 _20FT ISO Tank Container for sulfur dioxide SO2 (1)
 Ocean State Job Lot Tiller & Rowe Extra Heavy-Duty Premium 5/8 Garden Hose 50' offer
==
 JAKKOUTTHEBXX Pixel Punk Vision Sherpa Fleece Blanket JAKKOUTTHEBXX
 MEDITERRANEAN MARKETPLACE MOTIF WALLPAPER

*Try it*: Which lines above run from the one containing "JAKKOUTTHEBXX Pixel Punk" to the one containing "MEDITERRANEAN MARKETPLACE MOTIF WALLPAPER"? Give them again exactly, both ends included.

*Reply*:
 JAKKOUTTHEBXX Pixel Punk Vision Sherpa Fleece Blanket JAKKOUTTHEBXX
 MEDITERRANEAN MARKETPLACE MOTIF WALLPAPER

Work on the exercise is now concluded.